In order to confirm the role of CBP methylation in steroid hormone signalling, we chose to compare the co-activating activity of CBP with that of CBP 3R→A mutant in MCF7 cells upon estrogen stimulation. MCF7 cells express endogenous estrogen receptors at high levels. Thus, this assay only needed the co-transfection of a luciferase reporter gene containing estrogen responsive elements in its promoter with increasing amounts of CBP or of the non-methylatable form CBP 3R→A. Cells were treated with estrogens or with the vehicle only before gene activation was assessed. As expected, estrogen (E2) treatment led to efficient promoter stimulation (Figure 5C). Co-transfection of increasing amounts of CBP did not significantly affect hormone response (Figure 5C, compare lane 2 with lanes 10, 12 and 14), probably reflecting the fact that endogenous CBP was not limiting in MCF7 cells for transcriptional activation by endogenous estrogen receptors. In contrast, co-transfection of increasing amounts of CBP 3R→A led to a dose-dependent repression of promoter activity (Figure 5C, compare lanes 4, 6 and 8 with lane 2). Thus, altogether our results provide strong evidence that CBP methylation sites are critical for its co-activating activity and suggest that CBP methylation by CARM1 plays a crucial role in steroid hormone signalling.

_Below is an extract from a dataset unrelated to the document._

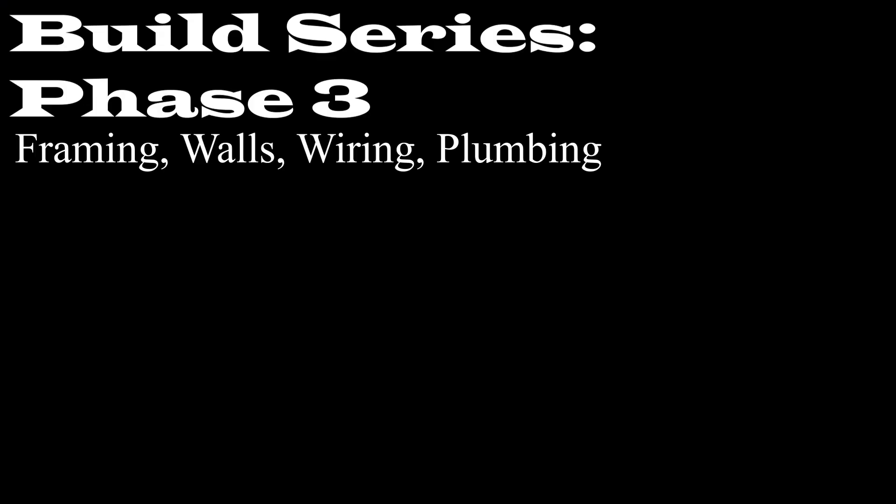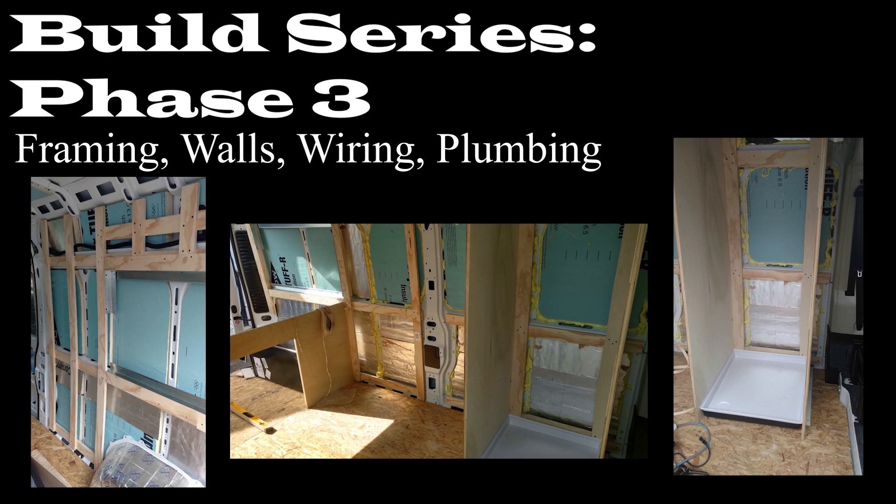Welcome back. We're doing phase three today. Recap of phase one and phase two: phase one was practically just going over what van to get, what kind of layout, what kind of products you want. Phase two was going over installation, the different types you could possibly do, what I did, and then the rattle trap and the subflooring. Phase three is going to probably be the longest phase — it covers the framing, walls, and the rough wiring and rough plumbing. There's going to be a lot of images and I'll explain each one as I go through.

To test whether it could also be important for other signalling pathways, we investigated the effect of the CBP point mutant (CBP 3R→A) on retinoic acid signalling, a process also relying on CBP function. We tranfected HeLa cells with a reporter vector in which the luciferase gene was under the control of a retinoic acid responsive element. As expected, treatment of cells with all-trans retinoic acid resulted in efficient promoter stimulation (Figure 5D). Increasing doses of the CBP 3R→A point mutant did not affect significantly retinoic acid response, indicating that CBP methylation is unlikely to play any major role in this process.

Discussion

Both CBP or p300 and CARM1 are co-activators of nuclear receptors and bind to different non-overlapping activation domains of the p160 family members of nuclear receptor co-activators. This suggests that CBP or p300 and CARM1 may work in concert to mediate transcriptional activation by nuclear receptors (Chen et al., 2000). Our results show an interesting link between these two co-activators, since we found that CARM1 methylates CBP. CARM1 was originally characterized as a methyltransferase specific to the histone H3 N-terminal tail in vitro (Chen et al., 1999). This finding has been recently confirmed in vivo on hormone-regulated promoters and suggests a link between histone methylation and transcriptional activation (Ma et al., 2001; Bauer et al., 2002). We found that CBP is also a highly specific substrate for CARM1. Furthermore, in vivo methylation of CBP was observed in various cell lines such as NIH 3T3, HeLa and the osteosarcoma cell line U2OS, and was increased upon co-expression of CARM1. By using an antibody specific for CBP methylated on R742, one of the residues methylated by CARM1 in vitro, we could show that endogenous CBP was methylated on this specific site in living cells. Given the low number of arginine methyltransferases of the PRMT family, and especially the difference of substrate specificity among them, this finding makes a strong case of CARM1 being the actual enzyme that methylates CBP in vivo. In line with this hypothesis, we observed a dramatic reduction of endogenous CBP methylation on that site when CARM1 expression was inhibited by RNA interference. Altogether, these data strongly support the hypothesis that CBP is methylated by CARM1 in vivo. Interestingly, the three arginine residues methylated by CARM1 in CBP are conserved between CBP and p300, which was also efficiently methylated within the same region. Moreover, we observed that R742 is conserved in CBP between human, mouse, Drosophila and Caenorhabditis elegans (data not shown). This finding supports the hypothesis that methylation of CBP/p300 may be an important modification that has been conserved through evolution.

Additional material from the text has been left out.